During that same period, we paid over $2 million to cyber charter schools! When you factor in the payments to the pension fund and normal course of doing business (salaries, maintenance, utilities, etc.), you can see why we are going to drain our reserves and be insolvent.
This year, after fighting it as long as I could, we are implementing our own cyber school to try to get back some of the $500,000 we are losing each year. Like 65 other districts in Pennsylvania, we are working with Virtual Learning Network (VLN) Partners. What a cyber charter does poorly for $11,000 a student, they will do much better for us at $3,500. That price disparity should speak volumes. We will pay $19,000 for a special needs student in cyber charter, but still only the $3,500 with VLN.
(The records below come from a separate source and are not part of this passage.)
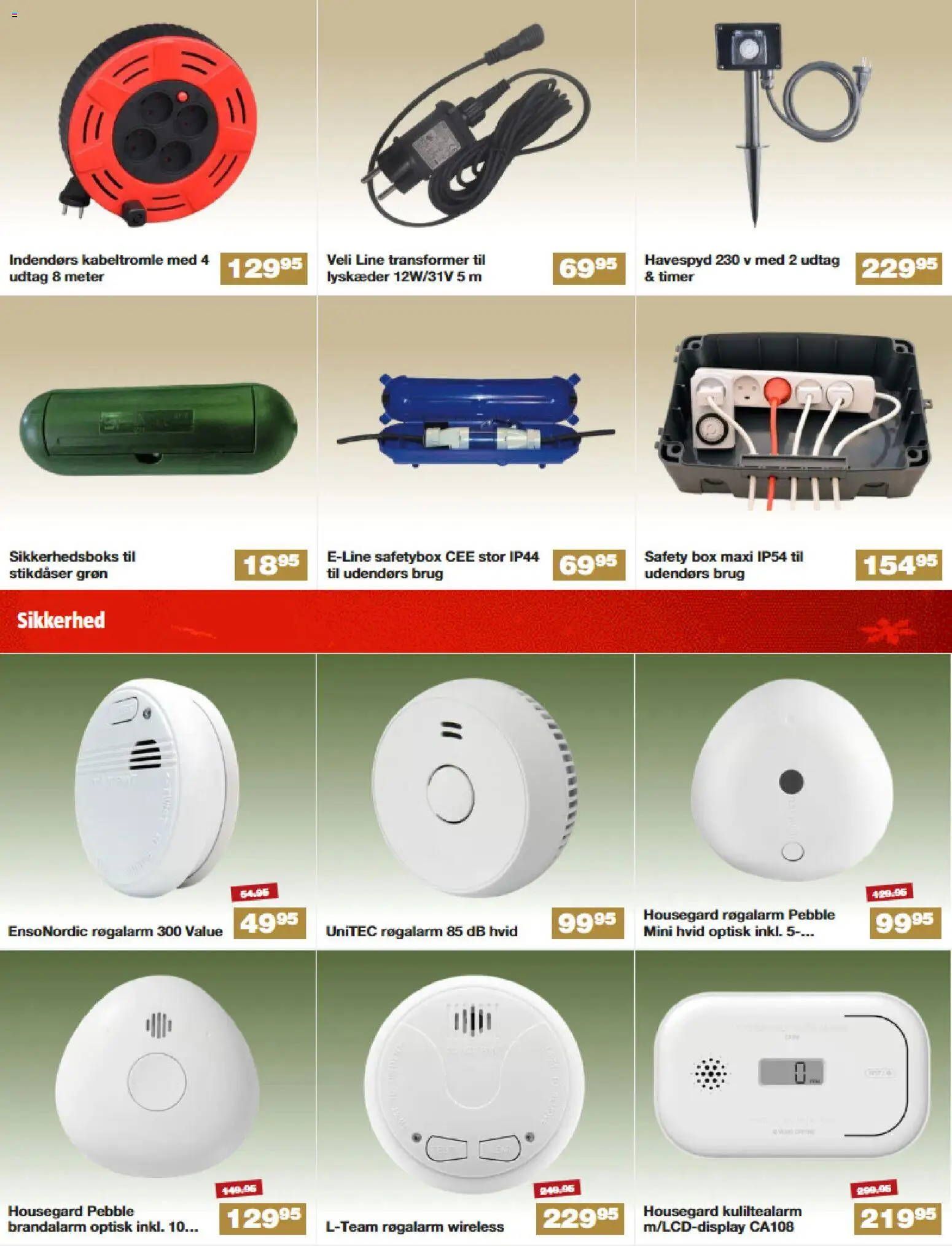 Bauhaus tilbudsavis – gyldig fra 27.10.2025 | Side: 44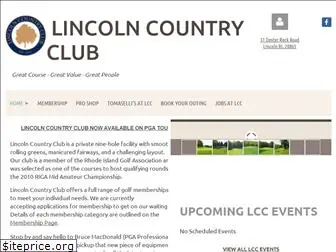 lincolncountryclub.com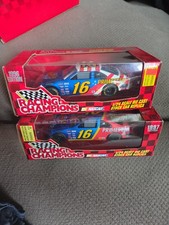 1996 1997 Ted Musgraves 1/24 Racing Champions Family Primestar Die Cast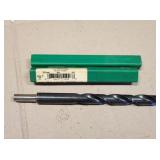TAPER LENGTH HIGH SPEED STEEL BLACK OXIDE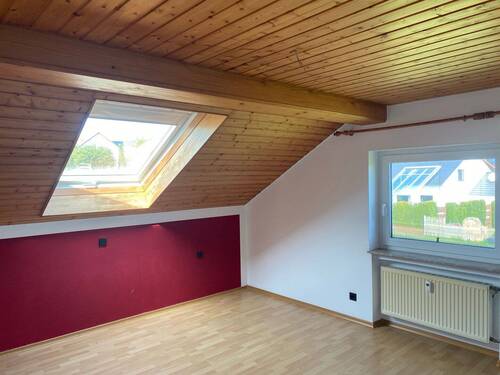 Schlafzimmer DG - 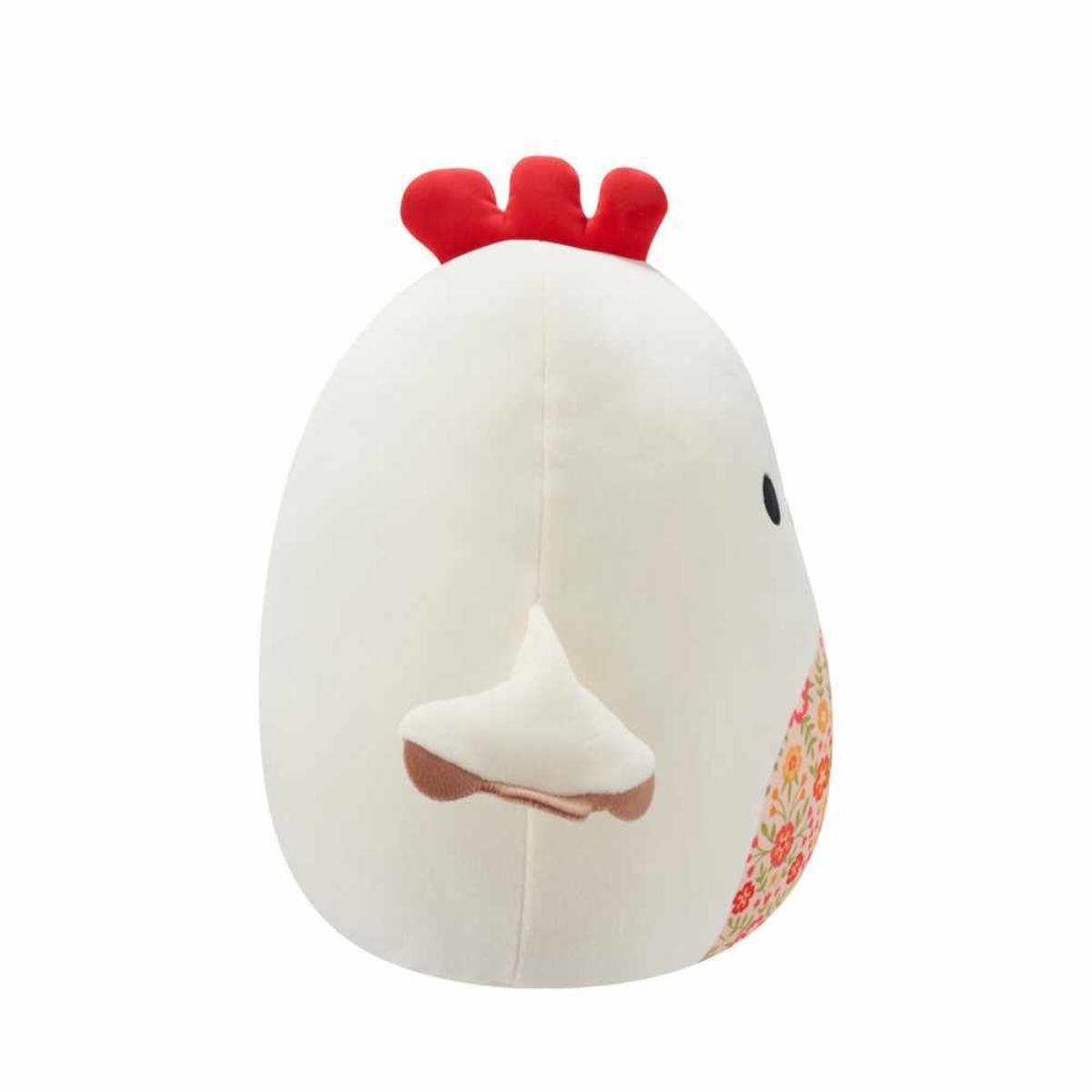 Squishmallows 12″ Todd the Rooster Plush Toy Unisex, 3-4 Years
We recently invited parents sending their children to cyber charters to a meeting about our new program. Parents representing seven students currently in, or considering cyber chartering attended and were very impressed with the VLN program. The degree of accountability and support students will be provided in our program is far and above the cyber charters. Districts using VLN have told us that some students left PA Cyber Charter to do VLN, but they went back to PA Cyber Charter because it was less work! That should also speak volumes.
Our program will also offer a “blended approach.” That means the students enrolled may take a mixture of cyber classes and classes on campus. Students enrolled in Cyber Charters are no longer one of our students. In our cyber program, they remain our student, thus we call the program, Lancers Online.

As I mentioned earlier, behind every cyber charter school is a for-profit company that provides the online curriculum. They are able to hide behind these “free public schools” and make huge profit. They also make large, six-digit contributions to key politicians. Thus, despite abysmal performance, the legislative leadership has thwarted any true reform and allowed only a few bills they call “reform” to be passed. These bills do little to rein in costs or provide transparency and accountability for these schools. There is a lot of money at play here, so it will be difficult to get these reforms in place. Taxpayers need to be heard!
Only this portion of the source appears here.